Data supplied:
━━━━━━━━━━

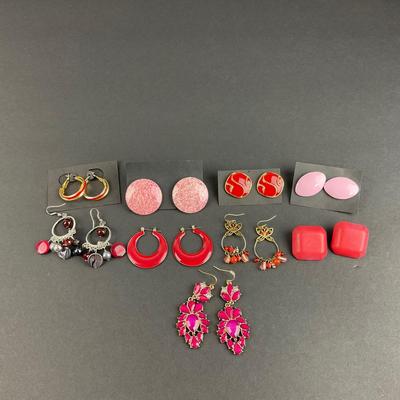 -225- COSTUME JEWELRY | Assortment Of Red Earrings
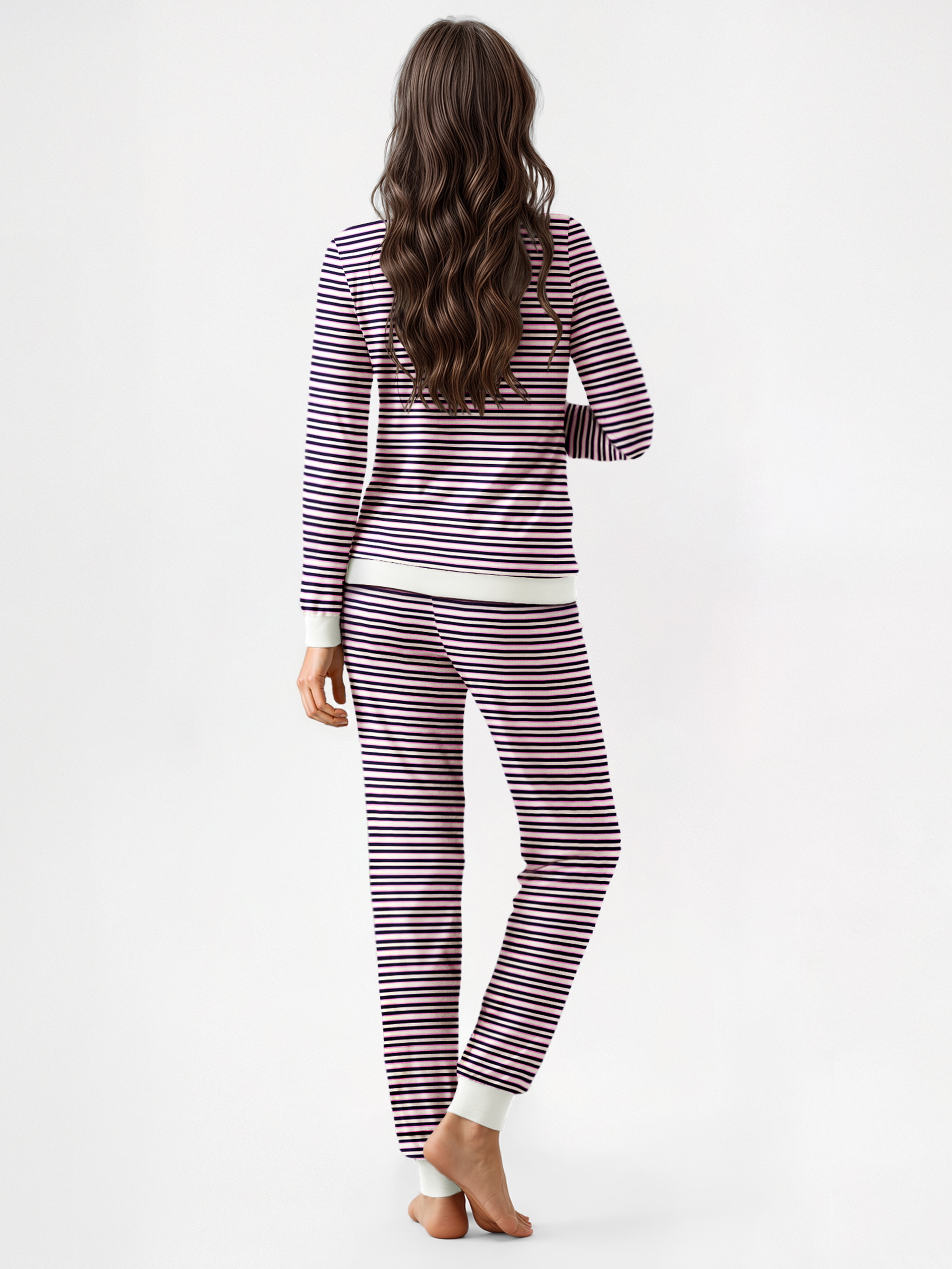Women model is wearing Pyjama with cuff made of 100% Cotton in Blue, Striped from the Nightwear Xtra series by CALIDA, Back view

━━━━━━━━━━

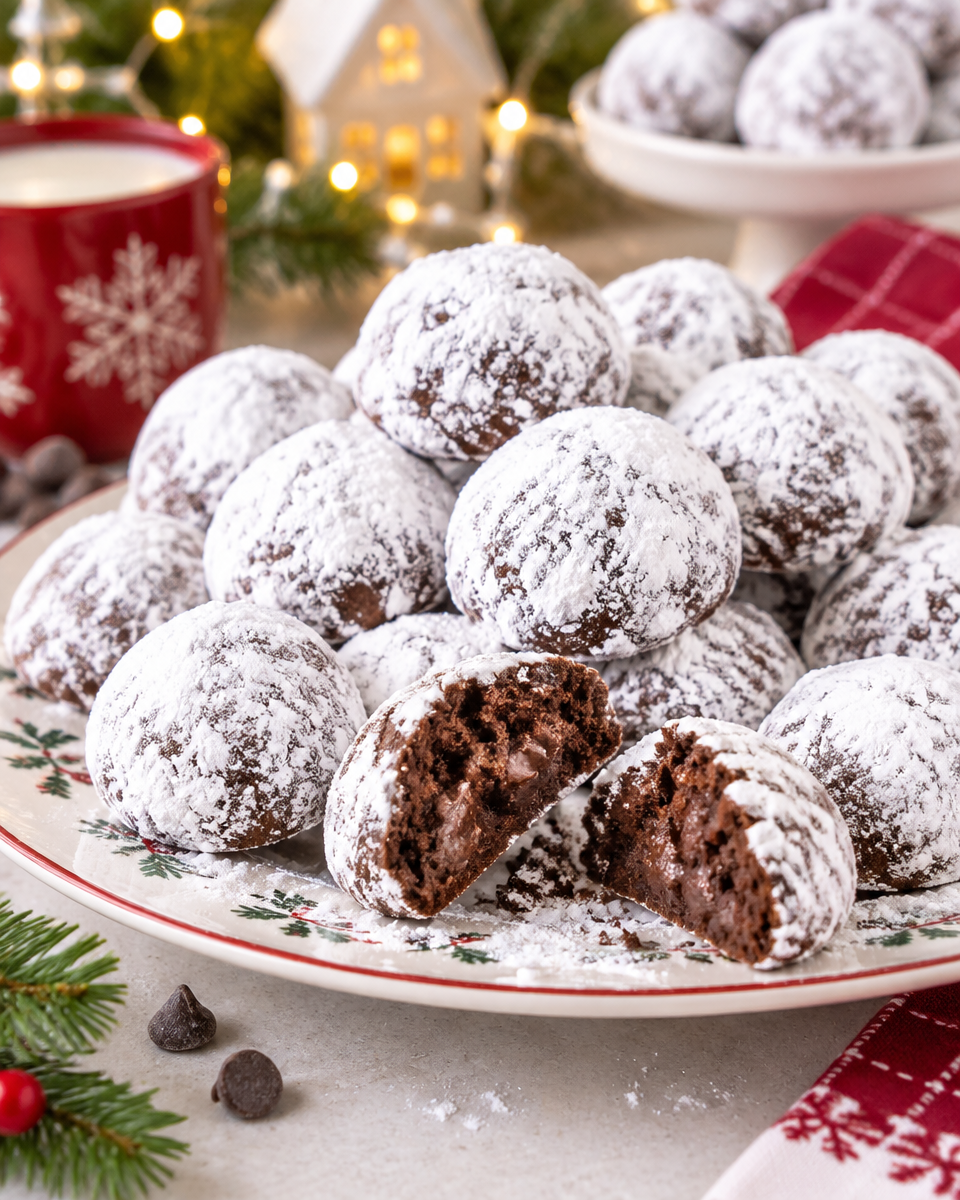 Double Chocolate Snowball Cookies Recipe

━━━━━━━━━━

Problem description:
Beginning with the line that contains "-225- COSTUME JEWELRY", write out the lines of the material above exactly, and end with the line that contains "Women model is". Omit the pictures.

Answer box:
 -225- COSTUME JEWELRY | Assortment Of Red Earrings
Women model is wearing Pyjama with cuff made of 100% Cotton in Blue, Striped from the Nightwear Xtra series by CALIDA, Back view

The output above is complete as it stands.